Welcome to Birmingham City University’s on-line resource for development radio. My name is Sam Coley, Degree Leader in Radio at BCU. I have a particular interest in the educational use of radio and especially its application in developing countries. This site provides information and original content regarding the use of radio as an educational tool as well as specific examples of innovative radio projects from around the world.

Radio is still an incredibly powerful medium for change in developing nations. It manages to reach vast audiences who live in regions where there is little internet or phone access and in many cases no electricity. There are many exciting new communication technologies being harnessed by NGO’s, aid agencies and Governments such as; satellite radio, podcasting, cellular technology and on-line radio. But so far – none have surpassed the simplicity and sheer effectiveness of traditional radio.

Radio’s primary strength is that it remains a truly ubiquitous medium. There are an estimated 800 million radios in developing regions across the world, making it the ideal medium for delivering important educational concepts to listeners who are often illiterate. These messages are distributed through the use of radio dramas, documentaries, phone-in talk shows, on-air debates and the use of short educational commercials – or “spots” as they are sometimes known.

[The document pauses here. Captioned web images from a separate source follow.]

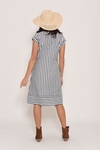 Woven stripe dress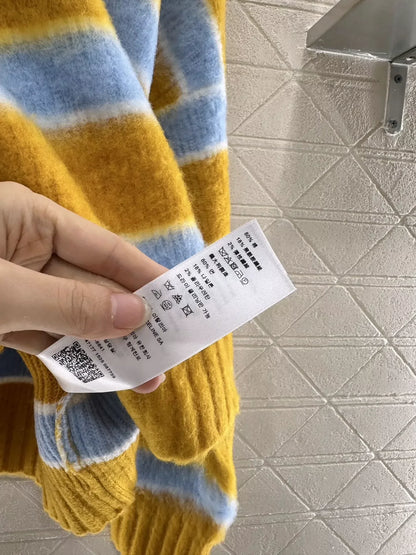 25fw New Striped Polo Sweater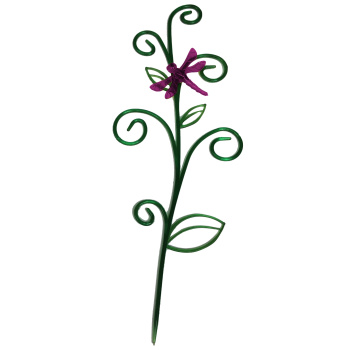 Опора-держатель д/растений пластм. "Стрекоза на ветке" зелен/фиолетовый dr 10-2 Tek.A.Tek*10/100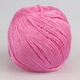 Popyarn Bombay, Ярко-розовый №46, летняя бамбуковая пряжа для детской одежды и вязания крючком или спицами, Попярн Бомбей, 50 г / 115 м - изображение 3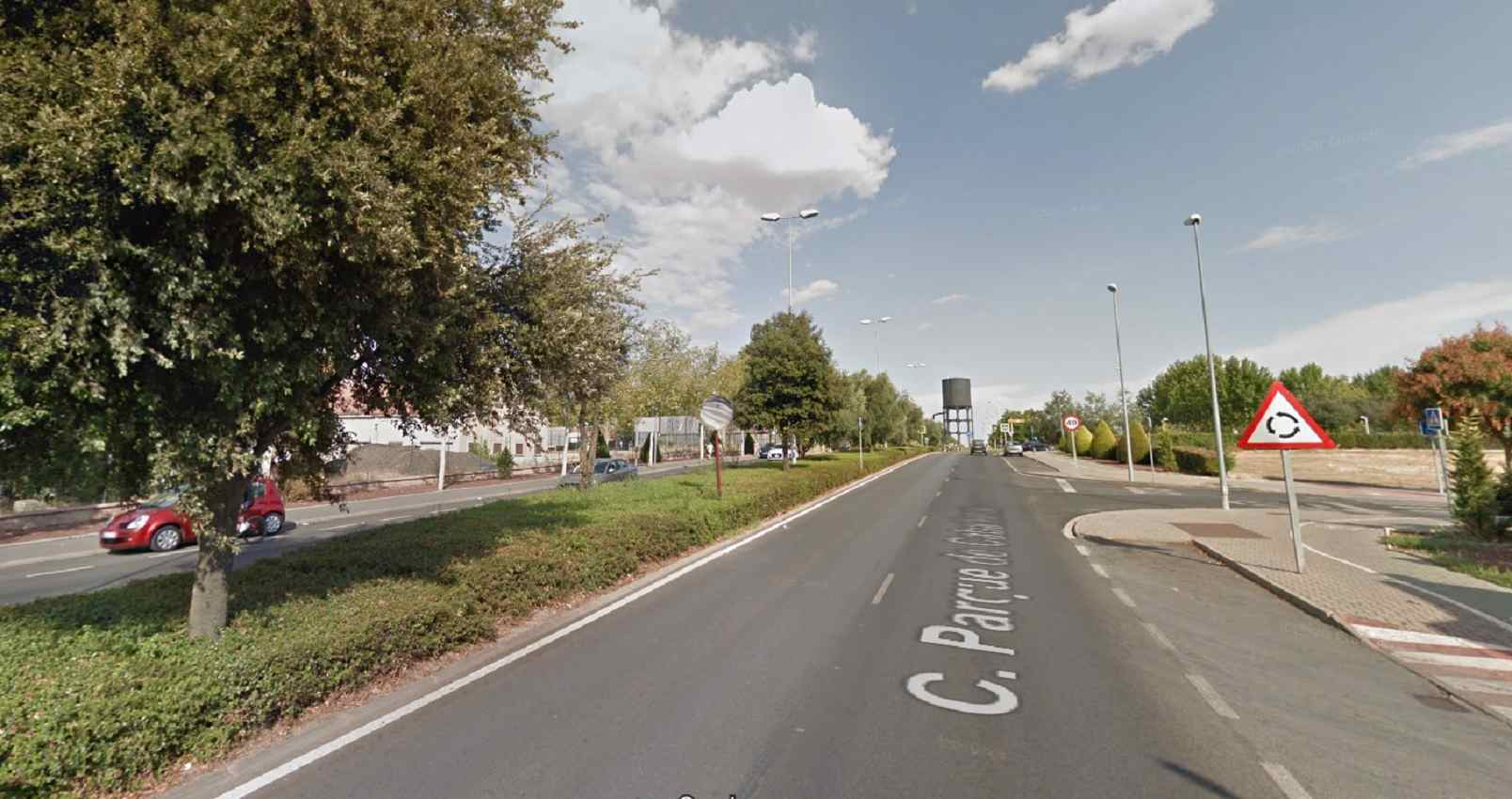 Avenida Parque Cabeñeros, donde se realizaban las competiciones de velocidad.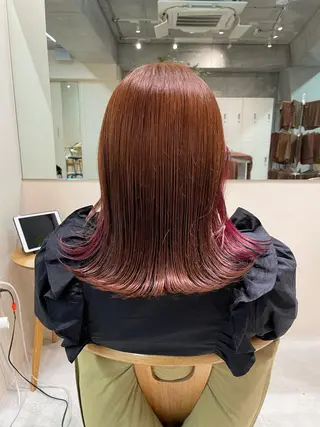セミロング 浦和指名率No.1 ショート特化美容師のヘアスタイル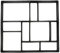 Path Maker Mould Irregular Reusable Paving Pavement Concrete Mould Stepping Stone Mold Paving Slab Concrete Mold for Pavement Driveway Patio Garden Road Floor(B)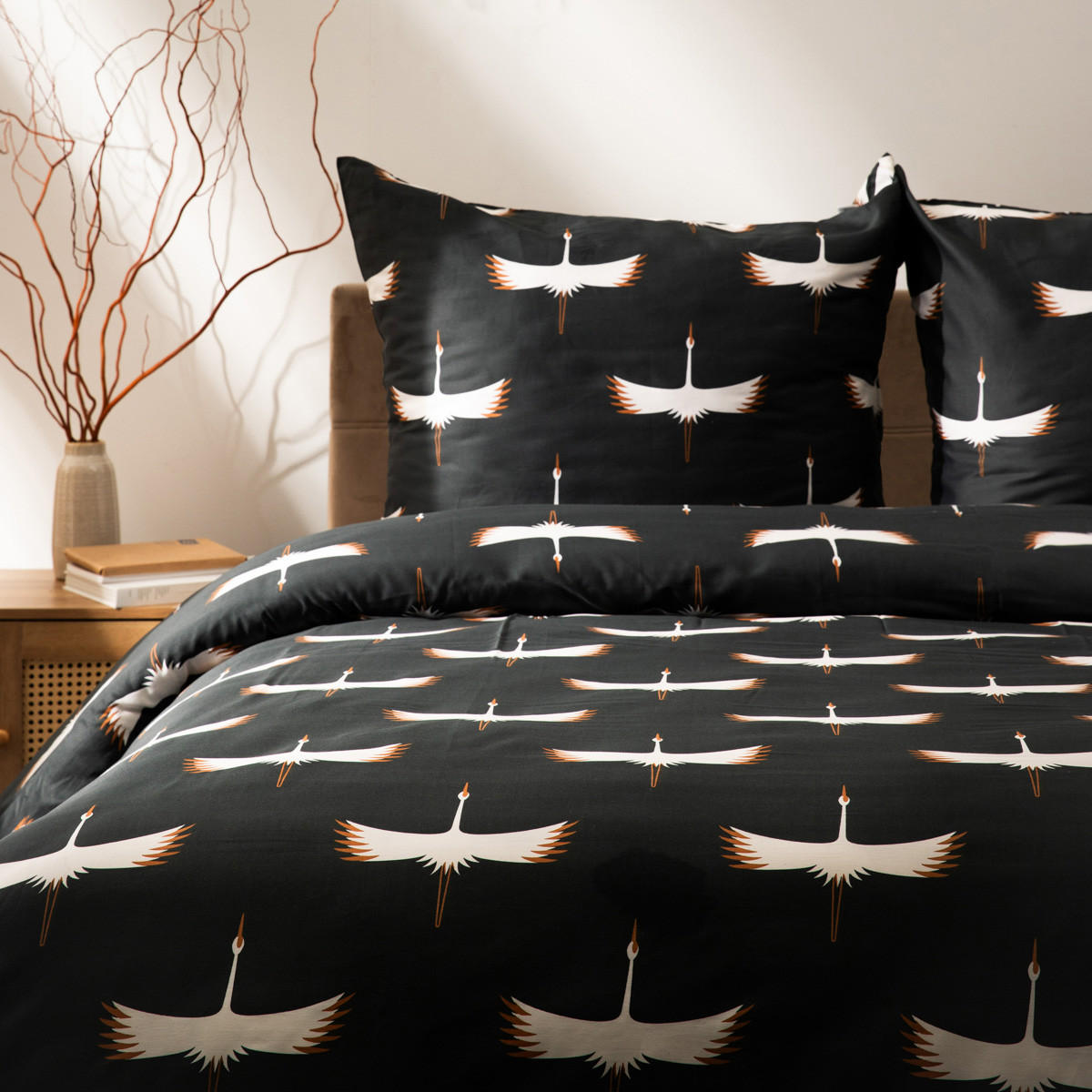 BETTWÄSCHE Devika graphit 220/200 cm - Graphitfarben, Textil (220/200cm) - Homla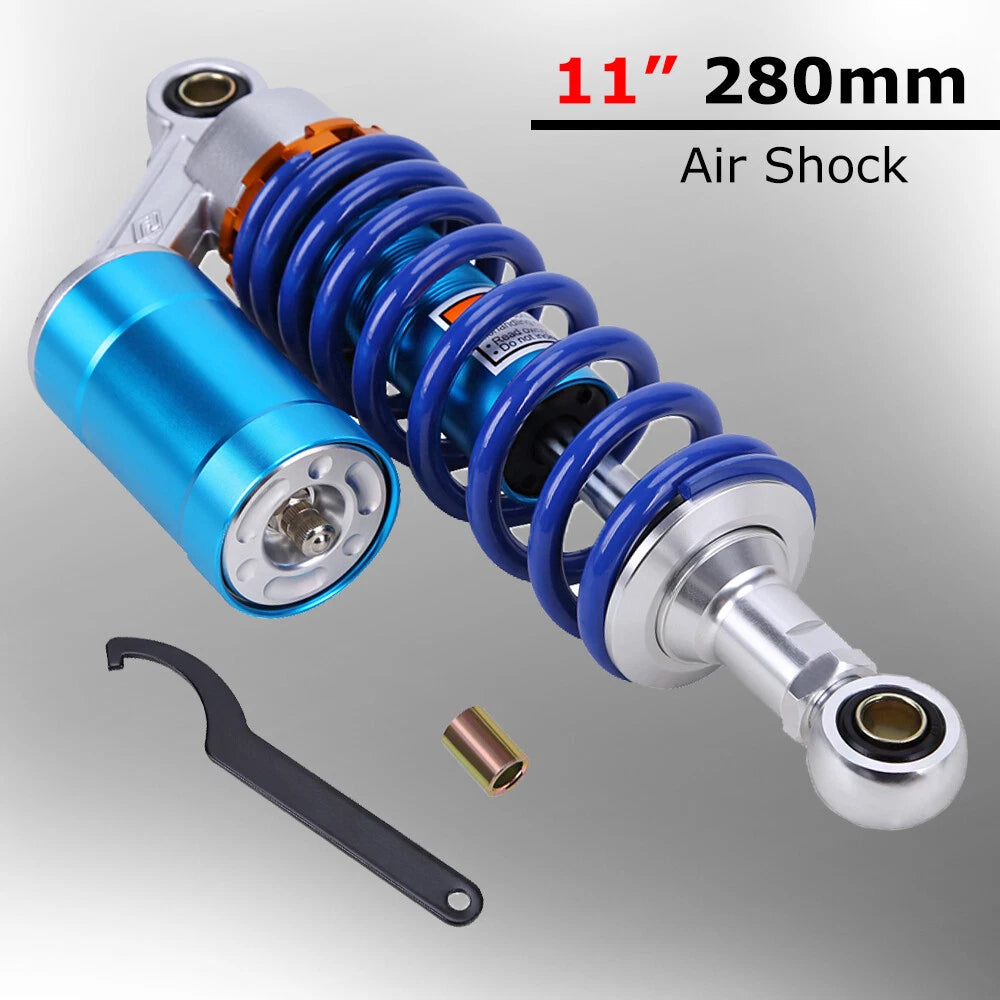 280mm 11" Rear Air Shock Absorber fo Pit Dirt Bike ATV Quad KLX110 TTR110 CRF110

There are, of course, many existing websites run by respected worldwide organisations that are already providing in-depth information and research into this growing area of broadcasting (see “links” for my recommended choices). However, this resource aims to gather together many of the different views and ideas from experts working in the field into a single repository of audio clips, video footage, photos and other related information. Hopefully the opinions found on this site will be of interest to those already involved in development radio, while at the same time offering a basic introduction for anyone curious about this valuable form of radio.

The website features many examples taken from my own experiences as an executive consultant for the BBC World Service Trust, as well as several interviews conducted as part of my research into the use of radio as an educational tool.

Finally, thanks to all the talented radio practitioners who kindly gave their permission to be included in this project.